Sunday, October 18, 2020

Three distinct ways to plan your life and one that actually works

 
It is always interesting to ask people how they actually live their lives. Most of us assume that we live by our stated priorities, but when I ask individuals how they translate what they say is important to them into their weekly and monthly schedule, I am often met with silence or a request for suggestions.

There are three primary ways that people plan their lives.

The first strategy is to live by your options.

All of us have an unlimited number of options available to us. I might say no to someone asking me out for an evening dinner but yes to a more attractive option. When I asked a friend recently about his strategy for planning his week, he said, "I don't have one." When I asked how he made decisions about what he did outside of work, he said, "It depends on the options." In other words, on any given day, the best option wins the prize for how he spends his time.

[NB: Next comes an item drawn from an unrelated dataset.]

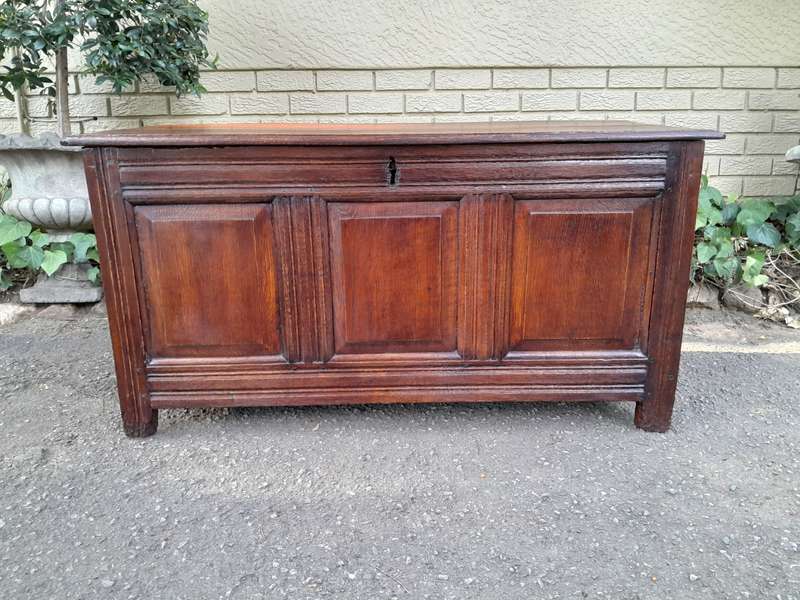 A Late 19th Century Oak Kist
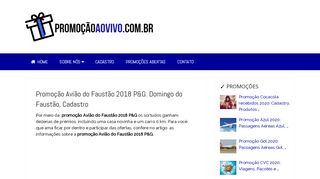 
                            3. PROMOÇÃO AVIÃO DO FAUSTÃO 2018 P&G → Domingo do ...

The problem with living by your options is that it does not consider what is essential to you and does not necessarily contribute to a well-lived life. It is a common strategy but not one designed to help you accomplish what you want to achieve in life. On the upside, it takes little planning or effort.

The second strategy is to live by the expectations of others.

This strategy is a trap that many fall into, especially those who are prone to please others. Everyone has some sort of agenda for our lives: Family, friends, employer, colleagues, church....you name them. These are things that others think should be important to us. They are not things we feel are important to us, but we have a hard time saying no and living our lives by the rules of others rather than our values. 

This strategy is obviously not planned. It is reacting. Further, it usually causes an underlying frustration, if not anger, when we realize we do not control our destiny. One of the most liberating skills is the ability to say no and feel good about it. Not to be contrary but to ensure that we live according to what we believe to be most important. To live by the expectations of others is to give others the ability to determine what is essential for us to do - an abdication of our own responsibility.

The third strategy is to live by a planned calendar based on what we believe our priorities are.

There are two caveats here. The first is that we have done the hard work to determine the priorities of our lives. There is no well-lived life that has not first determined what is important and what one wants to accomplish. 

This is because all priorities take time, and time is the most precious commodity we have as individuals. Money comes and goes, but time only goes, and you cannot get it back. Every obligation we choose or agree to has a time check attached. Just as we write financial checks, we also write time checks. They are ultimately more important than how we spend our money because they determine what we accomplish in life. 

There is a second caveat. You must connect your priorities to your calendar in a proactive way to live them out. If your priorities are the compass for your life, your calendar is the clock. Unless the compass is connected to the clock, those things you value will not have the attention you desire. Thus, your priorities go on your monthly calendar before anything else. This is the only way to plan your life that ultimately works (if you believe in your values and priorities). What one does not reserve time for usually does not get done.

If you look at your calendar today, does it reflect what is truly important to you? Are those essential things actually on the calendar?